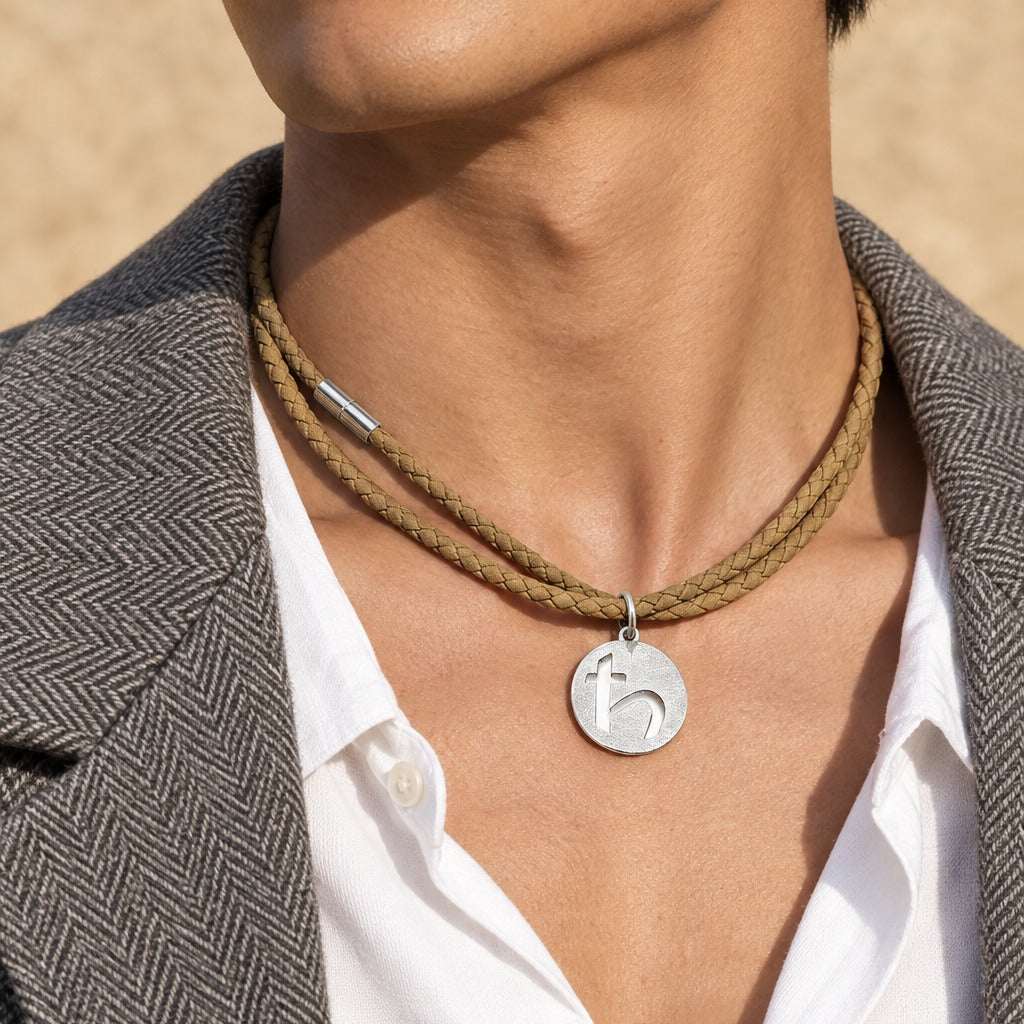 Model wearing the Lesunja Saturn Leather and Silver Necklace by Lesunja Fine Jewellery – AI-generated visualisation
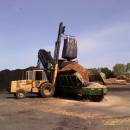 Processing Natural Mulch Into Black Dyed Mulch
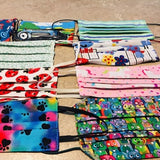 Set of colorful printed fabric face masks with animal and pattern designs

| EXERCISE |
Write the lines out word for word, starting at the one with "Processing Natural Mulch" and stopping after the last line of the material above, with pictures excluded.

| THE ANSWER |
 Processing Natural Mulch Into Black Dyed Mulch
 Set of colorful printed fabric face masks with animal and pattern designs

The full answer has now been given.